The letter had been folded tightly around the silver pendant he now wore about his neck. He could tell that it was hollow but not empty, and guessed that it contained a small piece of Adi’s skin, or perhaps a chip of tooth. The letter itself had been stained brown with her blood and bound up in several plaited strands of her black hair. Unwinding the hair carefully, he had retied it in a cuff around his left wrist.
The leather thong chafed his neck sometimes. From his worrying at the pendant, he supposed, at the weight of what it symbolised.
“Don’t forget your promise to me,” Master Pukje had warned him on learning of the contents of the letter. “I said I’d teach you only if in return you perform one task for me.”

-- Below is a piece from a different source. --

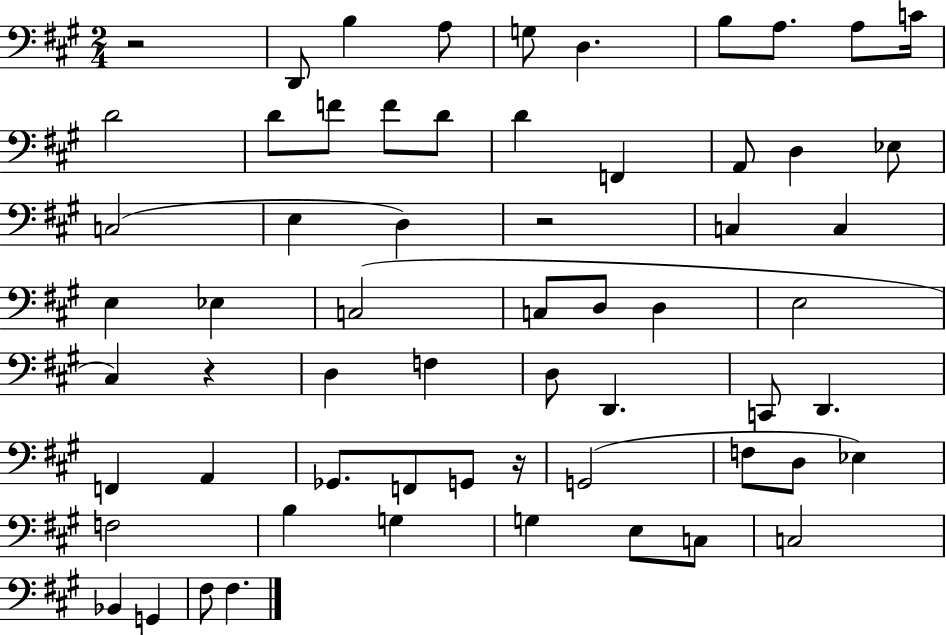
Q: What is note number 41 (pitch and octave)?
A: Gb2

“I won’t ever forget that,” Ros had said, inclining his head even though his master couldn’t see the gesture. They had been flying low past the shallow bowl of the Nine Stars, exercising the less-human of Master Pukje’s two forms. Ros had untied his hair and let the thick mane whip behind him in the wind, imagining that he was the one whose wings propelled them mightily through the air. “You remind me every day,” he had added.

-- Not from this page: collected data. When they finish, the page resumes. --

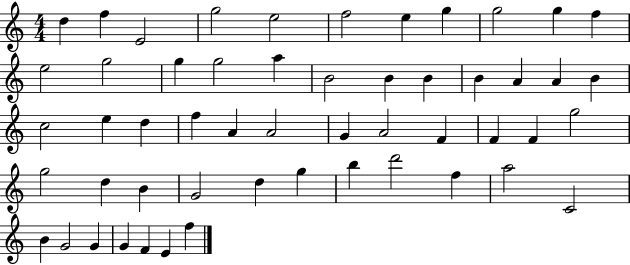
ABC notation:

X:1
T:Untitled
M:4/4
L:1/4
K:C
d f E2 g2 e2 f2 e g g2 g f e2 g2 g g2 a B2 B B B A A B c2 e d f A A2 G A2 F F F g2 g2 d B G2 d g b d'2 f a2 C2 B G2 G G F E f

“There’s an ocean of difference between remembering an agreement and honouring it.”
“I’ll honour it just as soon as you tell me what my task is.”
“I’ll tell you only when I’m absolutely certain you’re ready for it.”
How his master had finally concluded that he was ready, Ros didn’t know, but he was on the way now.
The pendant tugged insistently on its thong, urging him north, to where Adi was learning to manage her Clan’s caravan under her father’s tutelage. She had meant the gift to reach him, no matter what; that was why she had bound it with flesh, hair, and blood. When the time came, when his obligation to Master Pukje was fulfilled, her charm would lead him unerringly to her, whether he wanted to go or not.
There could be, as the crabblers said, no turning back.
DISTRACTED by both cloud and memories, he had long put the rest of the crabblers’ words out of his mind when he took a bend and saw exactly what they had meant.
A single, vast web stretched from one side of the Divide to the other, sparkling and gleaming where the sun struck it directly, barely visible at all where it did not. Ripples moved along silken strands, struck by the wind’s insubstantial fingers. It was too large to have been built by ordinary spiders and couldn’t have been the work of crabblers, either, since they produced no natural silk. Something else had built it, or grown it, or caused it to come into being, somehow, and he could proceed no further without breaking it.